■ **What is being asked**: Print every entry exactly once more, omitting each picture.

-- Opening Marker --

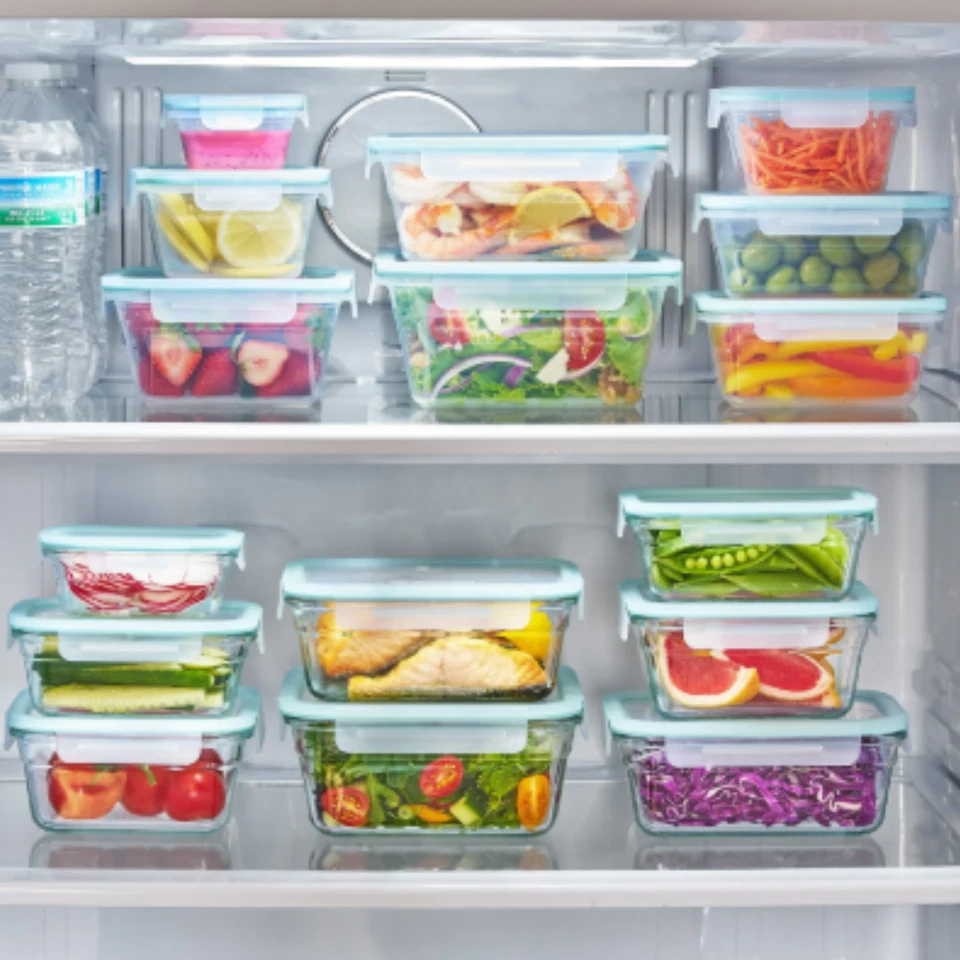 Member's Mark 24-Piece Glass Food Storage Set By Glasslock - Image 4 of 4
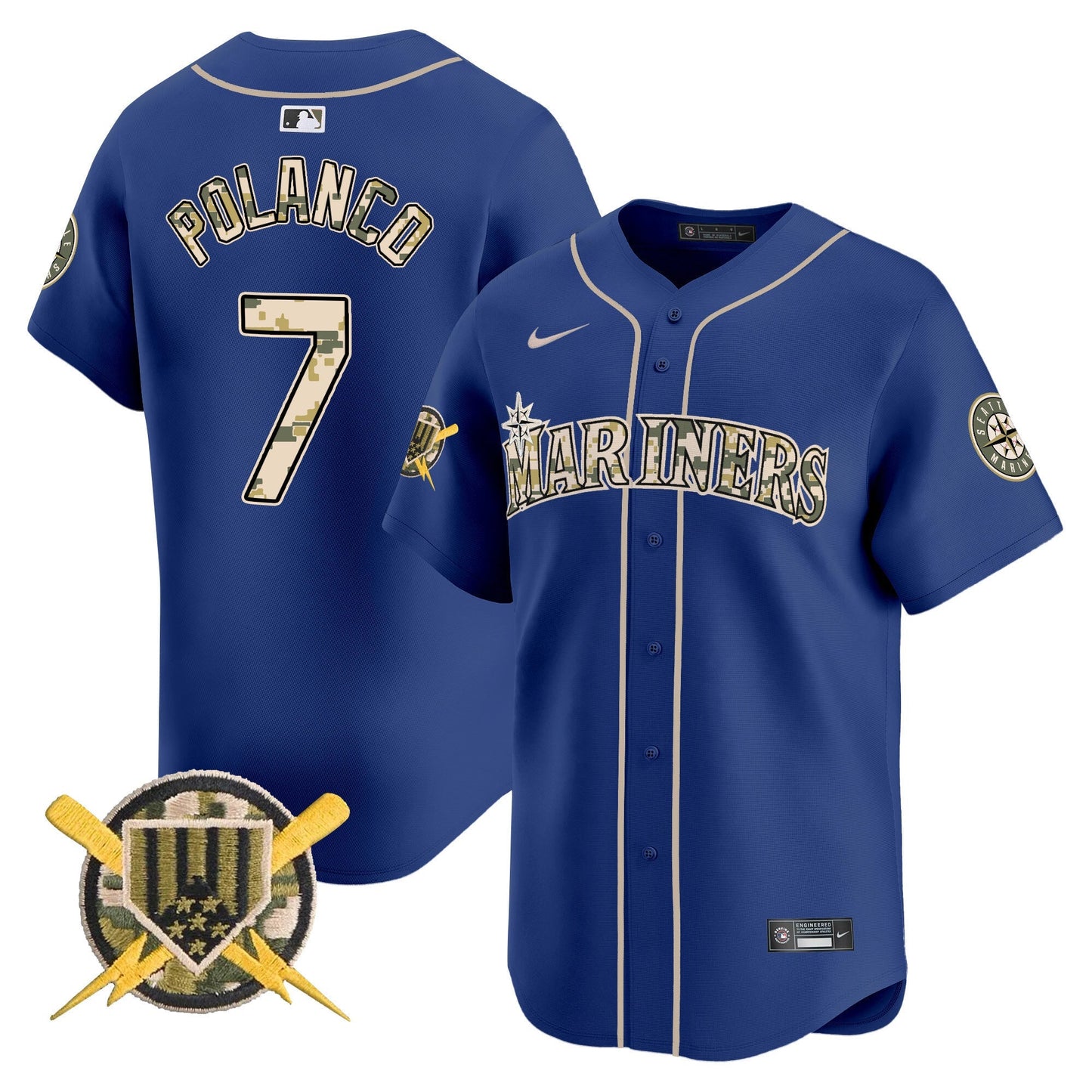 Men's Seattle Mariners Armed Forces Day Vapor Premier Limited Jersey - All Stitched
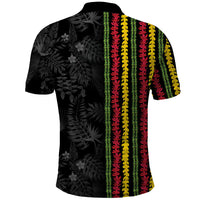 Hawaii Lei Kanaka Maoli Flag Polo Shirt Tropical Vibes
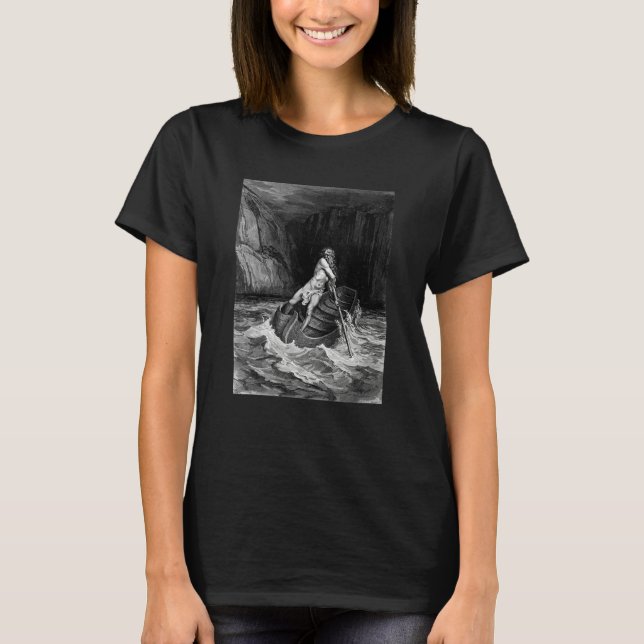 T-shirt Arrival of Charon by Gustave Dore (Devant)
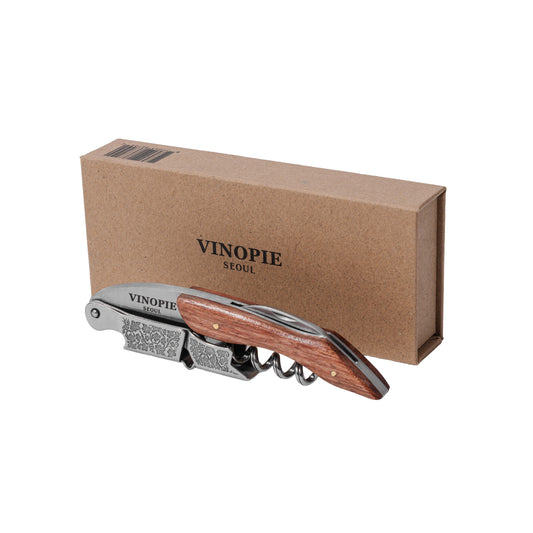 Grape Stem Sommelier Knife  – Stainless Steel Corkscrew & Foil Cutter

-- Closing Marker --

■ **Completed exercise**:
 Member's Mark 24-Piece Glass Food Storage Set By Glasslock - Image 4 of 4
 Men's Seattle Mariners Armed Forces Day Vapor Premier Limited Jersey - All Stitched
 Hawaii Lei Kanaka Maoli Flag Polo Shirt Tropical Vibes
 T-shirt Arrival of Charon by Gustave Dore (Devant)
 Grape Stem Sommelier Knife  – Stainless Steel Corkscrew & Foil Cutter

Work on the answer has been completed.